• [Input for this task]

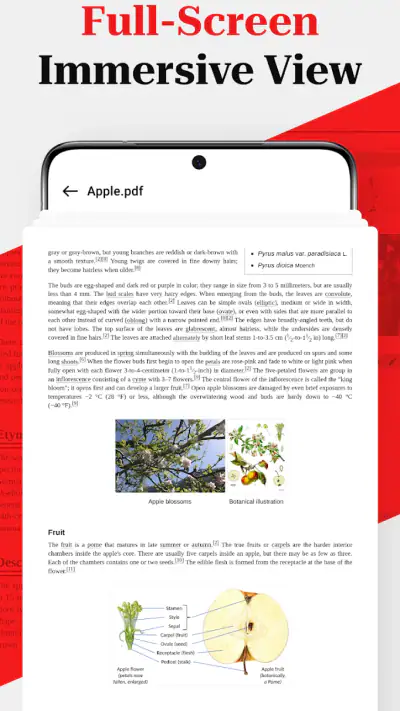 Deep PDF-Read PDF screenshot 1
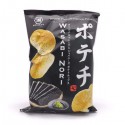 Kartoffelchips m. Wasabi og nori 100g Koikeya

---

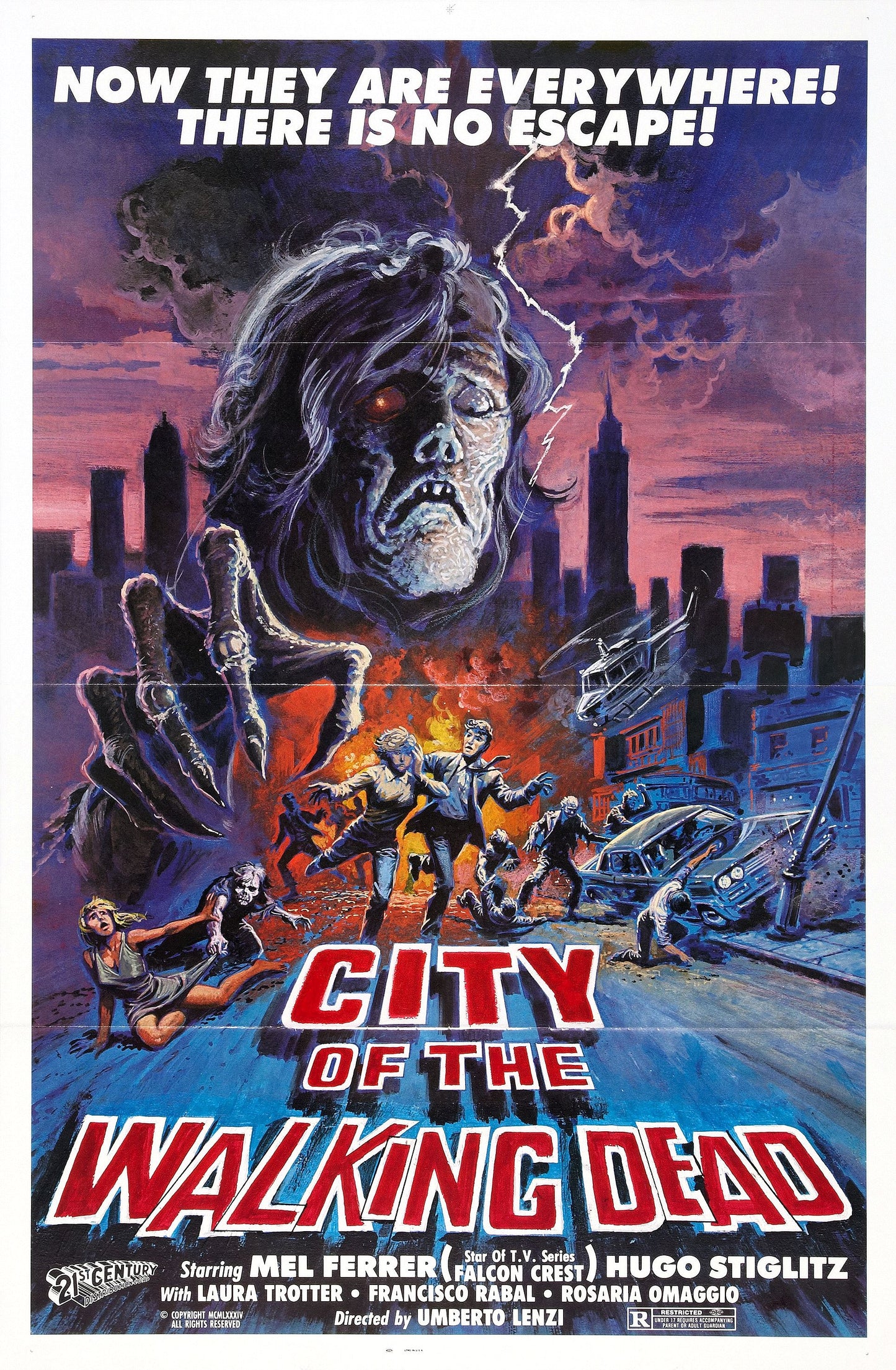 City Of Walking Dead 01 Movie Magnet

• [Aim of the task]
Reproduce exactly the lines above starting at the line containing "Deep PDF-Read PDF screenshot 1" and ending at the line containing "Kartoffelchips m. Wasabi", including both, but not the pictures.

• [Solution to this task]
 Deep PDF-Read PDF screenshot 1
 Kartoffelchips m. Wasabi og nori 100g Koikeya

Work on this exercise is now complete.